Dopo aver vagato per quattro ore sotto un sole ecuatoriano con 33°C, preso un moto-taxi seduto dietro ad una sorta di guzzi anni 60, ed aver chiesto a non so quante persone, ho concluso che la soluzione sta nell’andare alla marina, il porto turistico, piazzarsi davanti l’uscita con lo zaino ed aspettare che qualche capitano di un veliero ti chieda qual’è la tua rotta, e cercare di trattare il prezzo, spuntando un centinaio di dollari, o se la fortuna ti assiste in cambio di qualche lavoro nella barca si può attravversare gratis, opzione per ora un pò improbabile visto che siamo in alta stagione.

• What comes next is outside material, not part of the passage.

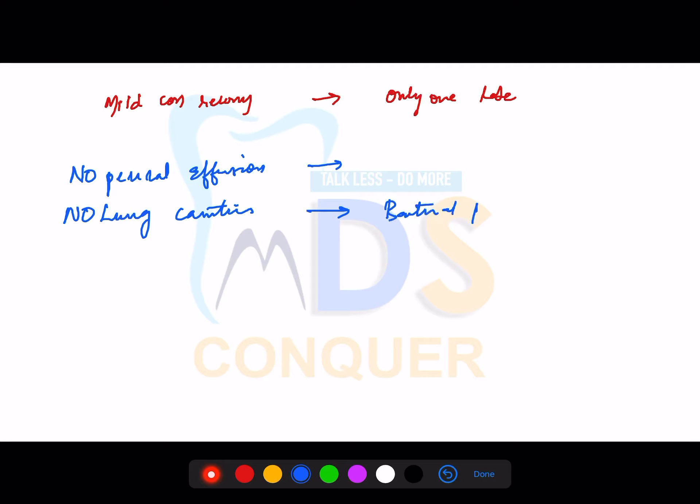These features — ground glass opacities and other radiographic findings — are not only specific to COVID-19 but are common to the majority of viral pneumonias. So once you diagnose it as viral pneumonia, you have to confirm with RT-PCR or other laboratory investigations to confirm it as COVID-19. You must differentiate whether the pneumonia is due to COVID-19 directly or due to a secondary bacterial or fungal infection, as treatment plans differ accordingly.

Dunque, discusso con Paco, il mio attuale compagno di viaggio spagnolo, abbiamo deciso di dividersi i compiti. Lui va questa sera armato di mochila (zaino) e cartello con la scritta “PANAMA”, domani tocca a me, se i due tentativi non danno risultati l’alternativa, economica, è avvicinarsi al confine con Panamà. Visto che passare la frontiera via terra non è assolutamente sicuro in quanto è zona di traffici illegali, e non poco, dopo aver cambiato tre autobus bisogna prendere una lancia che in quattro ore scomodamente ti porta in terra panamense, il tutto ovviamente dopo innumerevoli e approfonditi controlli militari visto che la rotta è metà di immigranti cubani e traffici di vario genere……

Che la fortuna ci assista !!!!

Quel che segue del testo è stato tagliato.